# RECORDED INFORMATION
================================
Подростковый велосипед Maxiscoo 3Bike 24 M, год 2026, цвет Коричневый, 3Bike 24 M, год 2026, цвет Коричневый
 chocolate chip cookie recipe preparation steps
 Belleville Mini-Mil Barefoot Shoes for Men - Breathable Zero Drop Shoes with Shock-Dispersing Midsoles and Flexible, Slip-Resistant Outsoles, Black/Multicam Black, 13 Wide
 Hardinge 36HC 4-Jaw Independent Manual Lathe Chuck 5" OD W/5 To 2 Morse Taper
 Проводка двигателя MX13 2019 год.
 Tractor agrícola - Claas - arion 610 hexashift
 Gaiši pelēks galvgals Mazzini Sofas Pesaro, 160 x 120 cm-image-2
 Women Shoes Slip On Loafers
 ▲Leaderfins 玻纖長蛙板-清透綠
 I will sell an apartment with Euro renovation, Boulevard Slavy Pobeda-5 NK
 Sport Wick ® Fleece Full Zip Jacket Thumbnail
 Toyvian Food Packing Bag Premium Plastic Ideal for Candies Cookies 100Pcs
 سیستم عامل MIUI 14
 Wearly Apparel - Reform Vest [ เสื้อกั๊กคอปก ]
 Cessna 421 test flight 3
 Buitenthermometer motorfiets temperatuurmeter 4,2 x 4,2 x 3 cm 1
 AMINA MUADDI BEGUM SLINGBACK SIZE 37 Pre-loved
================================
Your job here is to copy the entries above exactly.

Подростковый велосипед Maxiscoo 3Bike 24 M, год 2026, цвет Коричневый, 3Bike 24 M, год 2026, цвет Коричневый
 chocolate chip cookie recipe preparation steps
 Belleville Mini-Mil Barefoot Shoes for Men - Breathable Zero Drop Shoes with Shock-Dispersing Midsoles and Flexible, Slip-Resistant Outsoles, Black/Multicam Black, 13 Wide
 Hardinge 36HC 4-Jaw Independent Manual Lathe Chuck 5" OD W/5 To 2 Morse Taper
 Проводка двигателя MX13 2019 год.
 Tractor agrícola - Claas - arion 610 hexashift
 Gaiši pelēks galvgals Mazzini Sofas Pesaro, 160 x 120 cm-image-2
 Women Shoes Slip On Loafers
 ▲Leaderfins 玻纖長蛙板-清透綠
 I will sell an apartment with Euro renovation, Boulevard Slavy Pobeda-5 NK
 Sport Wick ® Fleece Full Zip Jacket Thumbnail
 Toyvian Food Packing Bag Premium Plastic Ideal for Candies Cookies 100Pcs
 سیستم عامل MIUI 14
 Wearly Apparel - Reform Vest [ เสื้อกั๊กคอปก ]
 Cessna 421 test flight 3
 Buitenthermometer motorfiets temperatuurmeter 4,2 x 4,2 x 3 cm 1
 AMINA MUADDI BEGUM SLINGBACK SIZE 37 Pre-loved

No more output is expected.